I’m waving a caution flag.
I’m a longtime Nvidia (NVDA 1.40%) bull. But even I’m concerned about what’s happening with Nvidia stock right now.
Consider this: Nvidia’s stock has experienced its first 20% drawdown since the start of 2023.
In other words, the market finally found a gap in Nvidia’s armor. Sure, Nvidia has already bounced off its lows and could recover and make new highs, but is it time to worry that Nvidia’s flawless longer-term bull run is coming to an end? Let’s dive in and see.
What’s happening with Nvidia?
Since reaching an all-time high of $140.76 in June, Nvidia shares fell by 27%. That may not seem like all that much. Yet, bear in mind, at its peak, Nvidia boasted a market cap of more than $3.2 trillion — making it briefly the world’s largest public company.
During its drawdown, it shed more than $650 billion in value — roughly equivalent to the total market cap of Tesla, America’s 10th-largest company.
In other words, Nvidia’s recent sell-off is a big deal. And not just because of the value it has lost — after all, that could be recovered in a similarly short amount of time. No, the bigger concerns are why Nvidia dropped so steeply and whether it could have been the result of fundamental weakness for the company and its stock.
Let’s see what the numbers say.
Tale of the tape: How does Nvidia measure up?
It’s true: Nvidia’s stock has skyrocketed over the last few years. So, let’s boil down what’s behind that success. In my opinion, it comes down to two key factors:
- Rising sales
- Rising expectations of future sales
To put it another way, Nvidia’s stock has skyrocketed because its revenue is way up, and expectations of its future revenue keep increasing, too. So, can that continue?
If you look at Nvidia’s revenue over the past two years, it’s easy to see why its stock has exploded higher. The company has roughly tripled its revenue from $25 billion/year to over $75 billion/year on the back of massive graphics processing unit (GPU) sales — the “brains” behind artificial intelligence (AI).
But that’s not the only reason for the stock’s success. Along with this massive revenue growth, investors have been willing to pay far more for each dollar in revenue based on increased expectations of future revenue growth. That’s why Nvidia’s price-to-sales (P/S) ratio has also risen. In 2022, it bottomed under 10 times. However, just a few weeks ago, Nvidia’s P/S ratio was an astonishing 42 times.
The only way to explain this change is that investors expect Nvidia’s sales to grow — rapidly. Indeed, analysts expect Nvidia to double its sales to nearly $120 billion this year. However, this is where concerns begin to bubble up.

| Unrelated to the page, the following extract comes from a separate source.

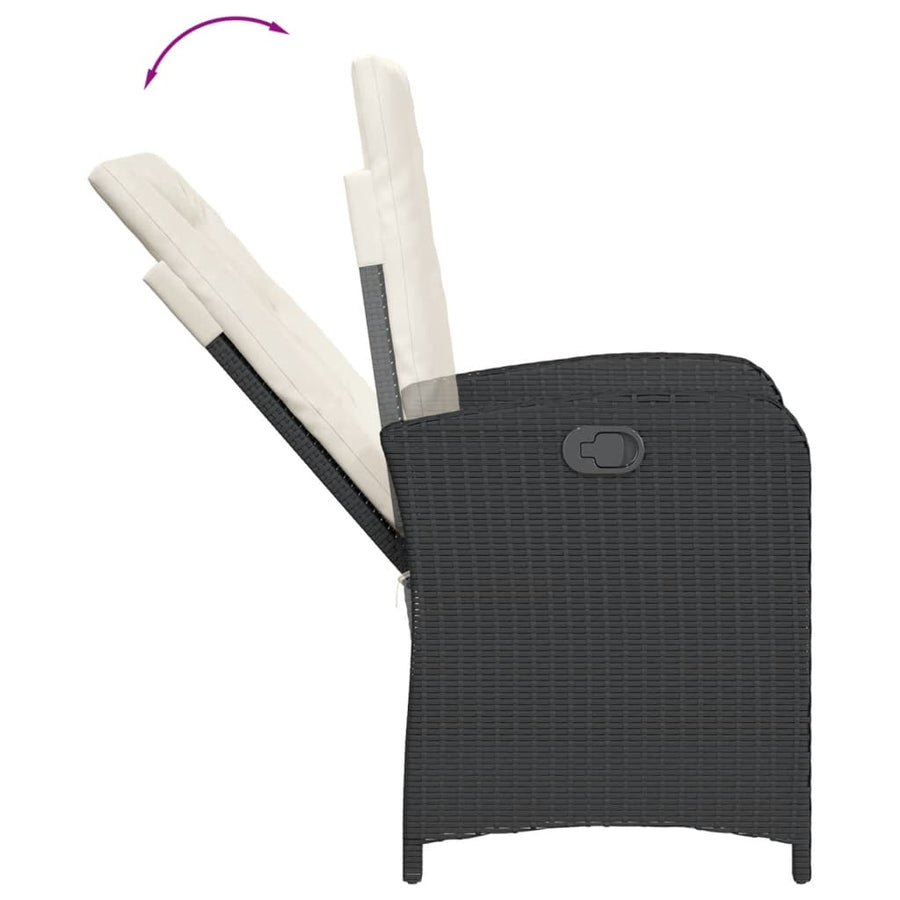 5-Delige Tuinset Met Kussens Poly Rattan Zwart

What if those same analysts temper their expectations for Nvidia’s revenue growth or, even worse, begin to lower those sales estimates? That would call into question the massive valuation premium investors have been paying (as represented by Nvidia’s P/S ratio) and, in turn, result in another significant sell-off in the stock.
For some answers about whether this is possible, let’s examine this chart, which shows how Wall Street analysts have adjusted their revenue estimates over the last three years.

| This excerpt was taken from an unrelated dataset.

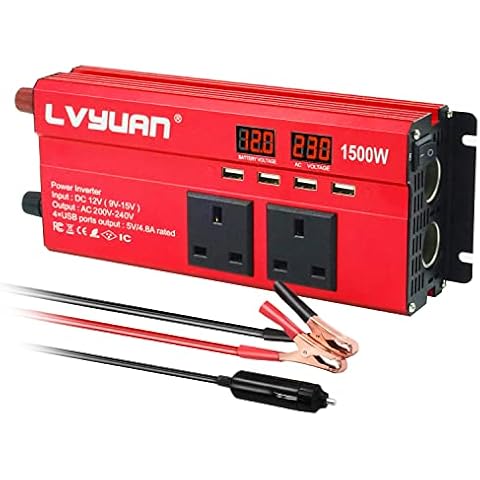LVYUAN 1500W Car Power Inverter with USB Cover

This chart shows how much analysts have adjusted their estimates of Nvidia’s future revenue (two quarters away) over the last 30 days. Peaks represent large increases (good for the stock); valleys represent decreases (bad for the stock).
As you can see, there have been far more peaks than valleys over the last two years. However, those peaks have been decreasing in size. That means that with each quarterly report, analysts have been closer to matching Nvidia’s sales guidance. In other words, Wall Street’s expectations are starting to catch up to reality. If that trend holds, those factors should reach equilibrium, then perhaps reverse — company guidance may fall below expectations, and analysts will have to cut their revenue forecasts, resulting in valleys on this chart and a falling share price for Nvidia.
What’s the takeaway for investors?
To sum it up, Nvidia’s stock has been on a rocket ride for almost two years. Similarly, its sales and sales expectations have taken off, too. Yet, those high expectations have also driven up its stock valuation. In turn, the stock is highly vulnerable to a sharp downturn. Investors should be cautious with Nvidia stock. Even though the company remains well positioned for the long term, volatility in the short term means the stock is not a good match for some investment portfolios right now.